-- DATA RECORDS follows --

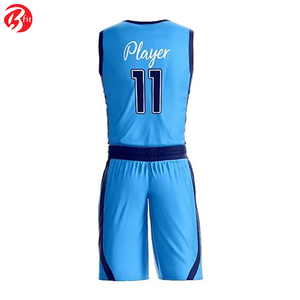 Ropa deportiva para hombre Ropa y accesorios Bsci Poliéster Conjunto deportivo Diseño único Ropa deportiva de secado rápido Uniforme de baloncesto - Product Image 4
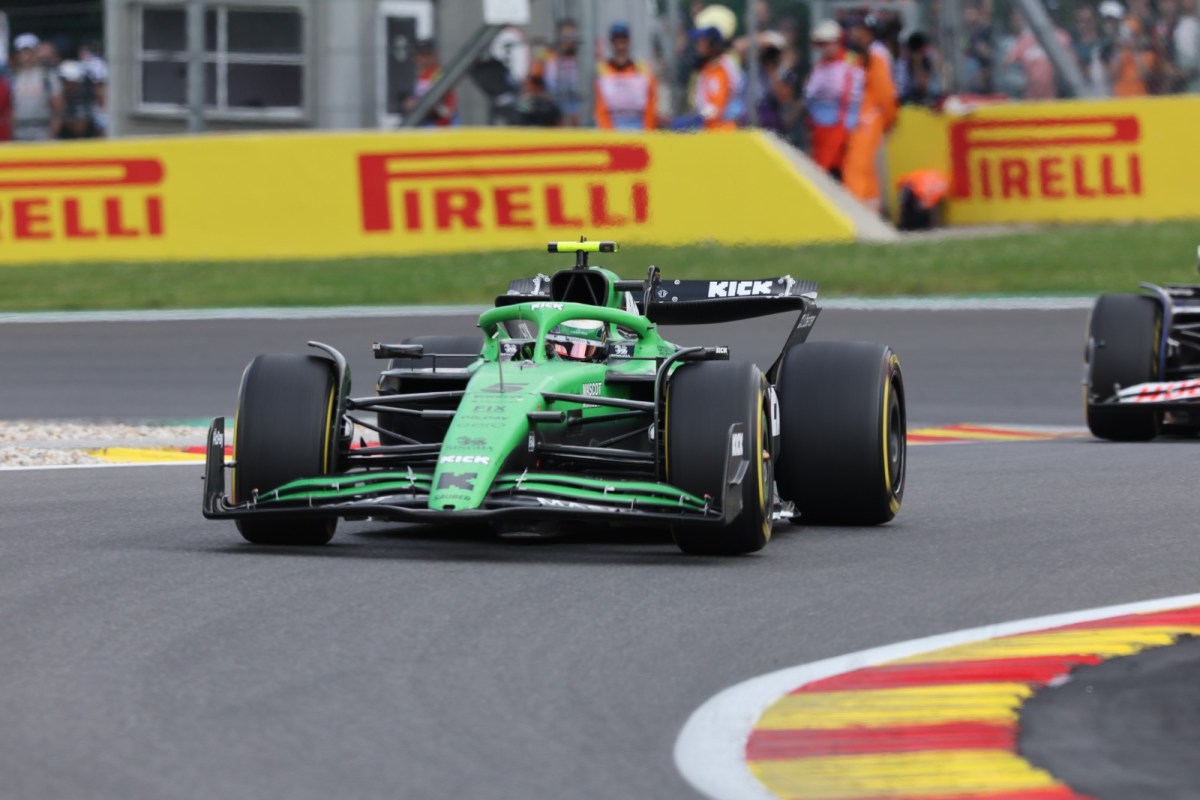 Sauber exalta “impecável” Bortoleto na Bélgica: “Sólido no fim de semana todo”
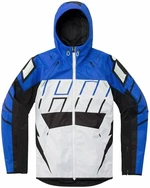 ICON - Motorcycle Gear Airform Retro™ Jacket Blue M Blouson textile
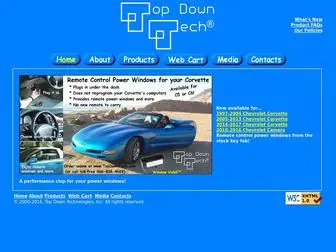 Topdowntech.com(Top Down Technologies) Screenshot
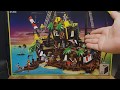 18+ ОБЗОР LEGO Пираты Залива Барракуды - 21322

-- DATA RECORDS concluded --

> [WHAT YOU WILL DO]:
Output every entry exactly as given; pictures are not part of the copy.

> [WRITTEN RESPONSE]:
 Ropa deportiva para hombre Ropa y accesorios Bsci Poliéster Conjunto deportivo Diseño único Ropa deportiva de secado rápido Uniforme de baloncesto - Product Image 4
 Sauber exalta “impecável” Bortoleto na Bélgica: “Sólido no fim de semana todo”
 ICON - Motorcycle Gear Airform Retro™ Jacket Blue M Blouson textile
 Topdowntech.com(Top Down Technologies) Screenshot
 18+ ОБЗОР LEGO Пираты Залива Барракуды - 21322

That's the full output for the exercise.